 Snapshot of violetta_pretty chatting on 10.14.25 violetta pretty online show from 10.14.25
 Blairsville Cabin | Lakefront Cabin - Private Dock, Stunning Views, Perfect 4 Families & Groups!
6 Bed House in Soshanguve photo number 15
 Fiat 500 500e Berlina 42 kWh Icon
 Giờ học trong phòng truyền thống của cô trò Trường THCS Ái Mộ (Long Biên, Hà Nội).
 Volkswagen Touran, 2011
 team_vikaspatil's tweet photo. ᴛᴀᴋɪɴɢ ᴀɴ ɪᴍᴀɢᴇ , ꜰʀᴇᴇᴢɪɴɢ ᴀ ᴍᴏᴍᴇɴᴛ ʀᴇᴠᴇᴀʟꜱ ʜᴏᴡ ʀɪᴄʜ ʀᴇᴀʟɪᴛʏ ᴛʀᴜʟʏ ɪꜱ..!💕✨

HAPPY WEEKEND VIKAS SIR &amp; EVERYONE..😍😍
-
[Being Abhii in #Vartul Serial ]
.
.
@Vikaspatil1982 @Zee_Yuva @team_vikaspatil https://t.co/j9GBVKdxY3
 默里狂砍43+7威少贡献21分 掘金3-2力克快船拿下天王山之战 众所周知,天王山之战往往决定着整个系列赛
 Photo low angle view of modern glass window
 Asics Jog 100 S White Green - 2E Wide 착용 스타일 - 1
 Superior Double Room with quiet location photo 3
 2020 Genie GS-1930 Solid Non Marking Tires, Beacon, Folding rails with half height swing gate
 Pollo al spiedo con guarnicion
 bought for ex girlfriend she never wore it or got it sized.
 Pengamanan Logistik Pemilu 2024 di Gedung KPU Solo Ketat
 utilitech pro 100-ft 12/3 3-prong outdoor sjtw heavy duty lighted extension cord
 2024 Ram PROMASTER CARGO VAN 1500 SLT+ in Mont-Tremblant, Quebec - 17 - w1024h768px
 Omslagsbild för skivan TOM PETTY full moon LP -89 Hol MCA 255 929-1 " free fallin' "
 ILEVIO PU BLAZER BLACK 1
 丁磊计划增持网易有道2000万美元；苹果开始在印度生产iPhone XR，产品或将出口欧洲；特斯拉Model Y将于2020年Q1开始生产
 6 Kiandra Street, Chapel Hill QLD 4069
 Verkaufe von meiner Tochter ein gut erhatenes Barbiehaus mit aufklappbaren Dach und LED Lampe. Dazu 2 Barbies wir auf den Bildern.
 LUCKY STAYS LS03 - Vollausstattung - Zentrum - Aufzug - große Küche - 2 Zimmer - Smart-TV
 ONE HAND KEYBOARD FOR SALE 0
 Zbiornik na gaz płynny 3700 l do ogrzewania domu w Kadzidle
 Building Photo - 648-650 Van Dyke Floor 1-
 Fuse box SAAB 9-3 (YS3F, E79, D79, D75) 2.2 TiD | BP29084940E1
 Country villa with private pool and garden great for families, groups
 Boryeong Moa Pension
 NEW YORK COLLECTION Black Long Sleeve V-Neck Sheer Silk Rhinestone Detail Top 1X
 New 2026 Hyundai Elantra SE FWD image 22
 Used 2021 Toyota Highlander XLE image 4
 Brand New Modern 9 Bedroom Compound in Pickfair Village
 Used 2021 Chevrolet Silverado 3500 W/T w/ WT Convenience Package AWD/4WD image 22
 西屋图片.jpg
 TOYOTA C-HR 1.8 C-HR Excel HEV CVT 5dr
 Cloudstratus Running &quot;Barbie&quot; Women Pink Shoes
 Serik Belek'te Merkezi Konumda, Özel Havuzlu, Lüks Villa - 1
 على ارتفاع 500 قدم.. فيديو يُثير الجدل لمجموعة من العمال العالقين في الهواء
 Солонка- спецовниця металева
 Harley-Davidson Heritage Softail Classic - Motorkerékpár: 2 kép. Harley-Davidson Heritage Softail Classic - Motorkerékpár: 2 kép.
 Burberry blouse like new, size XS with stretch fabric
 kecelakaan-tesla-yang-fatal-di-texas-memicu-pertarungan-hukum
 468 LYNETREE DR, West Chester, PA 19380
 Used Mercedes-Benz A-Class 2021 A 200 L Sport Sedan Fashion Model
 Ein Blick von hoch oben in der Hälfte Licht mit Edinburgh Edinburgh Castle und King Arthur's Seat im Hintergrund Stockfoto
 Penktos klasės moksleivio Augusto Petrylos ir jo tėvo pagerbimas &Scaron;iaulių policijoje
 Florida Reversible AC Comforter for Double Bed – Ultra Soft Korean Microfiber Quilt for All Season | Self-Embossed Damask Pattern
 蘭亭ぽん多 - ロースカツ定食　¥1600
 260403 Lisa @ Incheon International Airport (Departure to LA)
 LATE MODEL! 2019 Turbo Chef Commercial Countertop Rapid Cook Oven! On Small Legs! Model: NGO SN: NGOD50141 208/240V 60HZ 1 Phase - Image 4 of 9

* **WORK ITEM**
Starting at the first line of the data above, please restate word for word every line up to and including the one that holds "utilitech pro 100-ft", and add nothing else.

* **OUTPUT OF THE TASK**
 Snapshot of violetta_pretty chatting on 10.14.25 violetta pretty online show from 10.14.25
 Blairsville Cabin | Lakefront Cabin - Private Dock, Stunning Views, Perfect 4 Families & Groups!
6 Bed House in Soshanguve photo number 15
 Fiat 500 500e Berlina 42 kWh Icon
 Giờ học trong phòng truyền thống của cô trò Trường THCS Ái Mộ (Long Biên, Hà Nội).
 Volkswagen Touran, 2011
 team_vikaspatil's tweet photo. ᴛᴀᴋɪɴɢ ᴀɴ ɪᴍᴀɢᴇ , ꜰʀᴇᴇᴢɪɴɢ ᴀ ᴍᴏᴍᴇɴᴛ ʀᴇᴠᴇᴀʟꜱ ʜᴏᴡ ʀɪᴄʜ ʀᴇᴀʟɪᴛʏ ᴛʀᴜʟʏ ɪꜱ..!💕✨

HAPPY WEEKEND VIKAS SIR &amp; EVERYONE..😍😍
-
[Being Abhii in #Vartul Serial ]
.
.
@Vikaspatil1982 @Zee_Yuva @team_vikaspatil https://t.co/j9GBVKdxY3
 默里狂砍43+7威少贡献21分 掘金3-2力克快船拿下天王山之战 众所周知,天王山之战往往决定着整个系列赛
 Photo low angle view of modern glass window
 Asics Jog 100 S White Green - 2E Wide 착용 스타일 - 1
 Superior Double Room with quiet location photo 3
 2020 Genie GS-1930 Solid Non Marking Tires, Beacon, Folding rails with half height swing gate
 Pollo al spiedo con guarnicion
 bought for ex girlfriend she never wore it or got it sized.
 Pengamanan Logistik Pemilu 2024 di Gedung KPU Solo Ketat
 utilitech pro 100-ft 12/3 3-prong outdoor sjtw heavy duty lighted extension cord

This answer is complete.